The legacy of the marketing-psychology mashup, especially amid today’s polarized and unstable political and social climate, is as alarming as it is enlightening to me. No wonder my move into the field of psychology while continuing my work in marketing is so charged and strikes such a distinct chord within my marketing network. There is a source of power in this connection or integration; however, the power I’m interested in establishing a relationship with has to do with rehumanizing the connections we have with our self and others and is not for manipulation at any level.

New Job Description

According to a popular online human resources recruiting site, a Marketing Psychologist is “a person who studies the psychology of what attracts people to merchandise, and what impels them to prefer one product over another. This is done by a close study of how age, gender, culture, interests, education, personal philosophies, and other factors combine to drive buying behavior.” In order to make the most of the potential found where these fields overlap, I propose the following: a Marketing Psychologist is one who studies the complexities of the human psyche - body, mind, soul - to shape how products and services can better serve the individual and society, finding a balance between corporate and brand goals with the needs of the consumer.

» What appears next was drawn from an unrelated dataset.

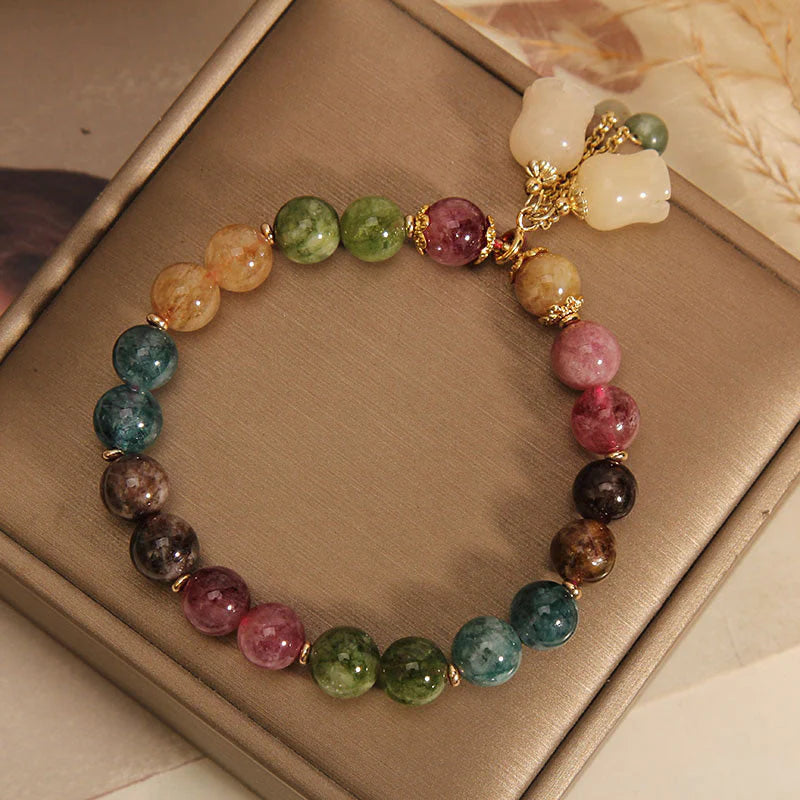 Bracciale con tormalina dai colori naturali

We’ve already seen how ‘purpose-driven’ marketing is effective via brands’ alignments with nonprofits, one-for-one businesses like Tom’s and user-centered design. So, rather than perpetuating the manipulative and trickster-like application of psychology to marketing that the previous job description describes, I’m committed to reframing marketing psychology to be the regenerative and creative force it can be while I continue to explore opportunities for re-humanizing marketing communications however possible.